The thing is, Limitless really wastes its premise by mostly ignoring all the consequences of being zapped from slightly above average to four-digit IQ. The intelligence thing is a total footnote. Instead, it’s kind of a standard drug movie. Bradley Cooper’s character has them, everyone else wants them, and he has to find a way out of this predicament. He doesn’t think his way out of it exactly, actually he doesn’t bother to think about how to solve his problems much at all. Like all smart people he just sort of goes with it (sarcasm indicated). The best the smartest man in the world can come up with is to hire a few bodyguards. Professor Moriarty this guy isn’t, though he does seem to know how to fight like Robert Downey Jr.’s Sherlock Holmes .
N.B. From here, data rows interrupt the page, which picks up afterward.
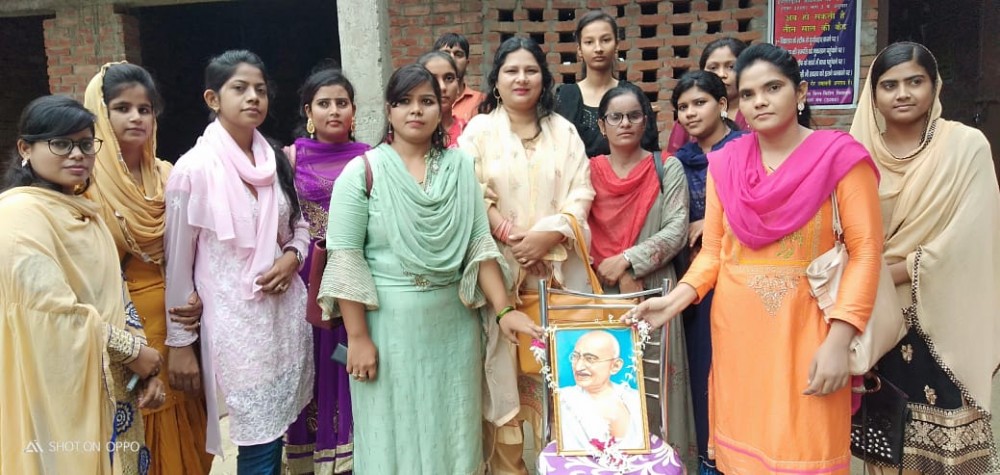 गांधी जयंती पर आयोजित हुआ वाद विवाद प्रतियोगिता गांधी जयंती पर आयोजित हुआ वाद विवाद प्रतियोगिता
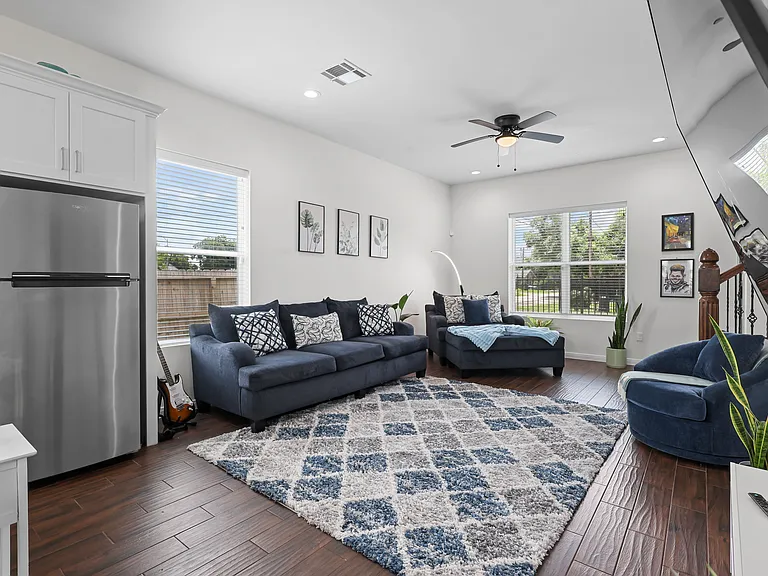 3437 Shelby Cir — Photo 4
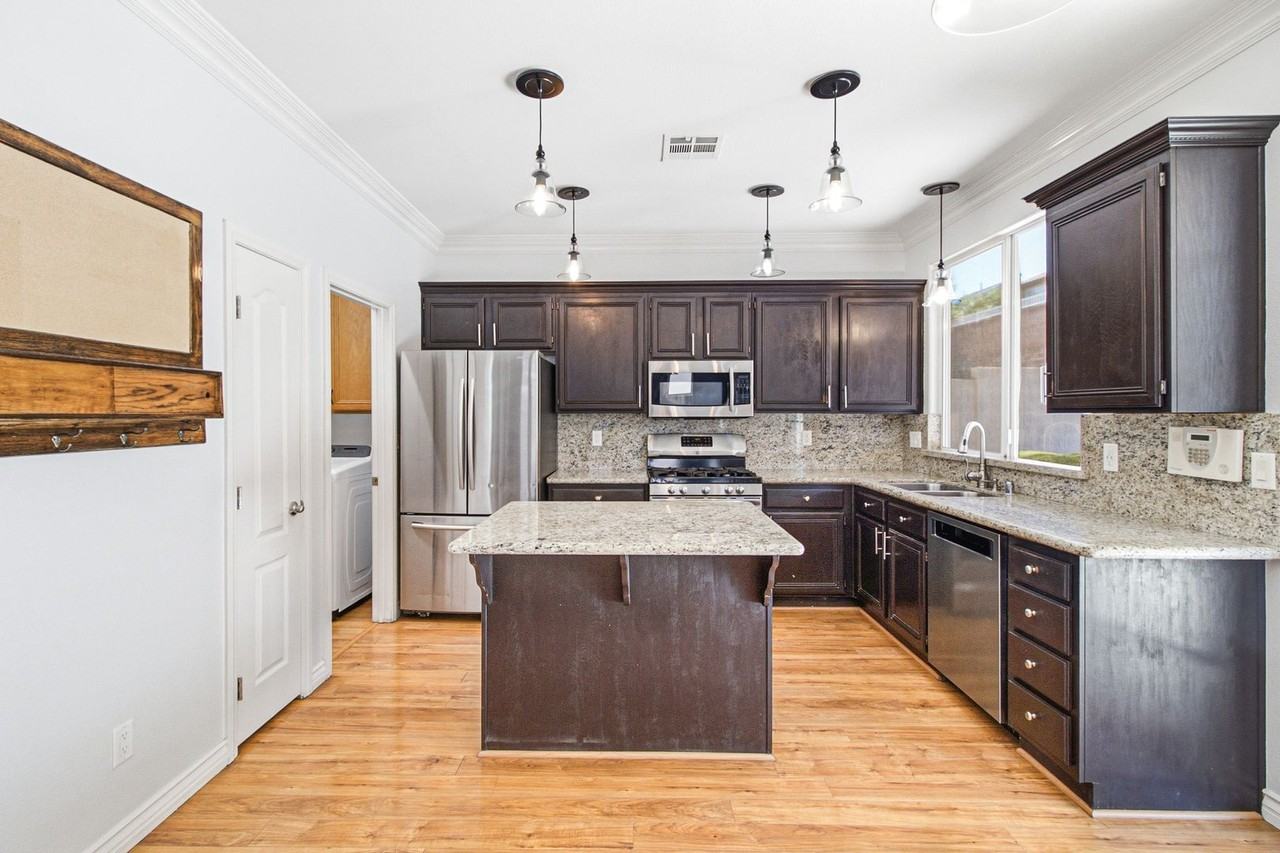 1049 Noble Isle St - Photo 2 of 46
Limitless spends almost no time really delving into the massively raised IQ of Bradley Cooper, however it does use his increased brainpower as an excuse to engage in a sort of kinetic, visual trickery. Burger’s movie has a real eye for bright colors and strange warping effects which do more to keep you interested in what’s happening than in anything this story has going.

Not that there’s much of a story. Far too much of the film boils down to a series of disconnected viginettes which wouldn’t actually make any sense if Bradley Cooper wasn’t there to literally narrate every single second of the movie. I’m a big fan of voiceover narration, if you’re making film noir, but this isn’t Double Indemnity, it’s a drug movie. It’s a drug movie without a well-thought out story, so it cheats by having Bradley Cooper explain everything as it goes along.

In spite of all this, somehow I didn’t hate the time I spent with Limitless. Bradley Cooper remains a fascinating leading man. He’s easy to watch, even though let’s face it, he’s pretty much just playing Bradley Cooper. A lot of the credit for how watchable this throwaway film is, probably has to go to Burger, who makes those disconnected scenes feel as though they’re filled with a raw kind of energy, very like synapses firing in a brain pepped up on smart pills. Limitless isn’t smart, but it looks smart, and maybe that’s enough to get empty enjoyment out of it. It’s like watching The Fonz get free songs by punching a jukebox, and that never stops being fun.